1962年のキューバ危機で核戦争の瀬戸際までいった米ソは,核時代の安全保障を確保するうえで,米ソ戦の回避と核兵器保有国の増加防止に共通の利益を見いだし,両国主導のもとに,翌63年8月に部分的核実験停止条約(PTBT)を,また68年7月に核不拡散条約(NPT)を締結した。前者は大気圏内外と水中の核実験を禁じているが,地下核実験は対象外なので,核大国の核開発続行には支障がない。条約期限は無期限。締約国は83年8月当時110ヵ国であった。
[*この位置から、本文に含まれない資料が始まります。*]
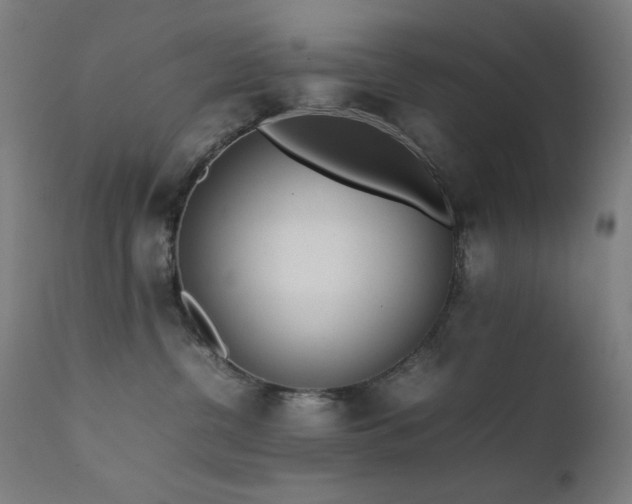 X0000111650380200907171551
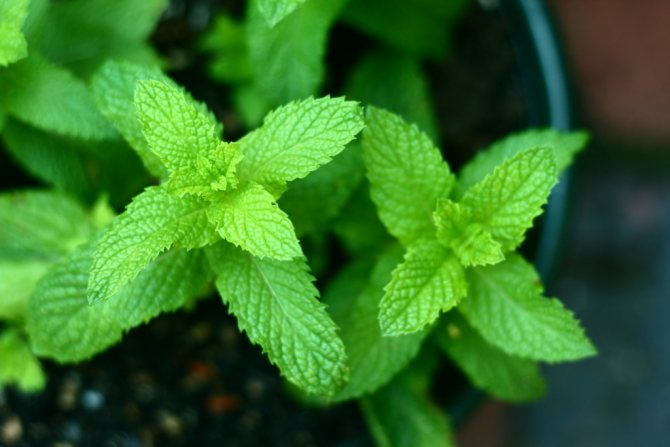 The content of nutrients in mint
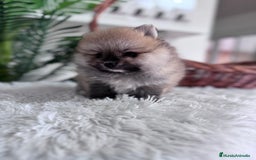 Pomerania perros en venta: POMERANIA MACHO - Imagen 2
また後者は,核兵器保有を認められる国を国連安保理常任理事国であるアメリカ,ソ連(現在はロシア連邦),イギリス,フランス,中国の5ヵ国に限定し,それ以外の国に対しては核兵器製造,保有および平和利用目的の核爆発実験といえども禁じているところから,不平等条約だという強い非難をあびながらも,国連総会の承認をとりつけた。期限は条約発効(70年3月)から25年経過後に協議とし(95年に無期限に延長),締約国は96年3月現在183ヵ国である。さらに1976年1月,中国を除く核技術輸出国であるアメリカ,ソ連,イギリス,フランス,西ドイツ,カナダ,日本など主要工業7ヵ国は核技術が兵器製造に違法に流用されるのを防ぐため,IAEAの査察義務づけなど,核技術の輸出管理と新しい歯止め措置開発について6項目の協定に合意した。スウェーデン,オランダ,イタリア,ベルギー,東ドイツもまもなく協定に参加した。
執筆者:八木沢 三夫
冷戦終結以後
ソ連のペレストロイカ期に1987年米ソで中距離核戦力(INF)全廃条約が調印されて以後,中国,フランス,ブラジル,南アフリカ共和国などもNPTに加盟した。またNPT加盟国だが核開発疑惑を持たれる国に対するIAEAの検証体制の強化が93年以後はかられた。さらに米ロが93年に第2次戦略兵器削減条約(STARTⅡ)を調印,91年のSTARTⅠにつづき戦略核弾頭数のいっそうの削減が目指された。PTBT以来の懸案であった地下核実験の禁止を含む包括的核実験禁止条約(CTBT)も96年国連で採択されたが,同条約に反対のインドの批准が発効条件である。また,この間にラテン・アメリカ非核地帯条約(1967)に続いて,南太平(1985),アフリカ(1995),東南アジア(1995)の各地域における同様の条約が採択され,南半球のほぼ全域に及ぶにいたった。こうして冷戦終結後,核不拡散体制は大いに普遍性を高めてきている。